Neues Verfahren simuliert schnelle Zersetzung von Medikamenten, um Stabilitätstests zu erleichtern

Vor ihrer Zulassung müssen Arzneimittel nicht nur auf ihre Wirksamkeit und Sicherheit, sondern auch auf ihre Stabilität geprüft werden, da sie in der Regel über Jahre in Apotheken und Privathaushalten gelagert werden. Um die Stabilität zu testen, ist ein Prozess erforderlich, der ein Medikament „im Zeitraffer“ zersetzt.

Eine solche Methode wurde kürzlich von einem Team von Wissenschaftlern des Leibniz-Instituts für Katalyse in Rostock (LIKAT), der RWTH Aachen und der Julius-Maximilians-Universität Würzburg in Begleitung der Firma RD&C (Wien, Österreich) entwickelt.

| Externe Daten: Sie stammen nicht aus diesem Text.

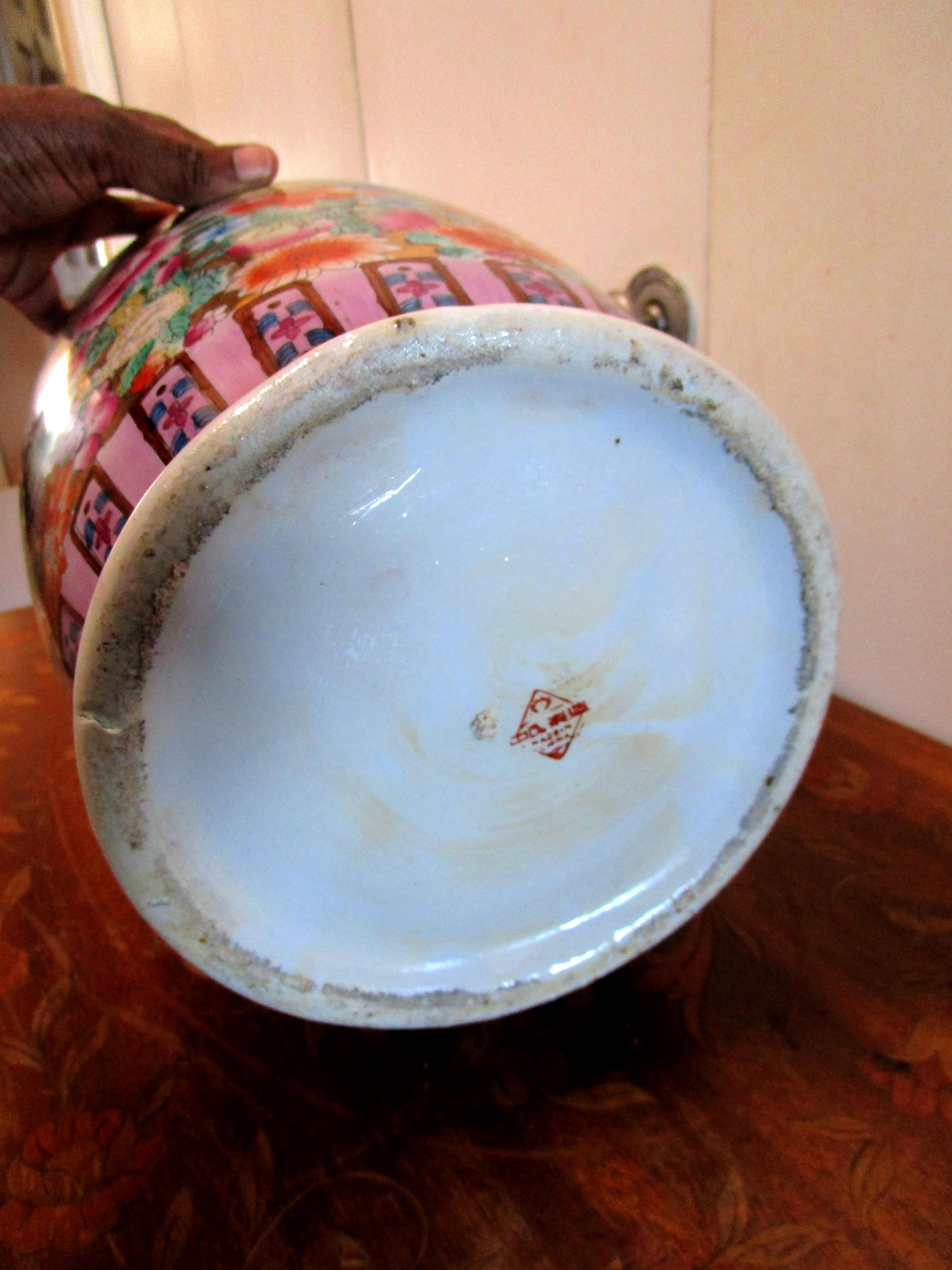 Ceramic 1920s Mille Fiori Chinese Export Parcel Gilt Monumental Rouleau Vase For Sale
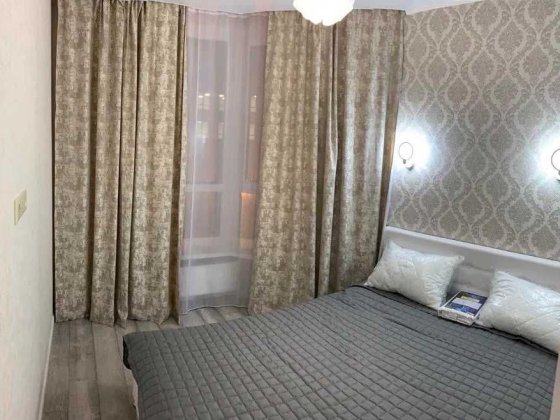 Приємна цвітова гамма квартири в закритому жк Софиевская Борщаговка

Die Forschungsergebnisse wurden nun in der Fachzeitschrift veröffentlicht ACS Zentralwissenschaft.

Nahezu alle Arzneimittel sind Mehrkomponenten- oder Mehrphasensysteme, die in eine Matrix eingebettet sind, also beispielsweise Hilfs- und Trägerstoffe enthalten. Diese Zusatzstoffe können im Laufe der Zeit, beispielsweise bei längerer Lagerung der Arzneimittel, mit dem Wirkstoff interagieren und die Wirkung des Arzneimittels beeinträchtigen. Die pharmazeutische Industrie muss alle Stabilitätsdaten offenlegen, bevor ein neues Arzneimittel zugelassen wird. Daher besteht großes Interesse an der Entwicklung zuverlässiger Prognoseinstrumente zur Beurteilung der Sicherheit von Arzneimitteln.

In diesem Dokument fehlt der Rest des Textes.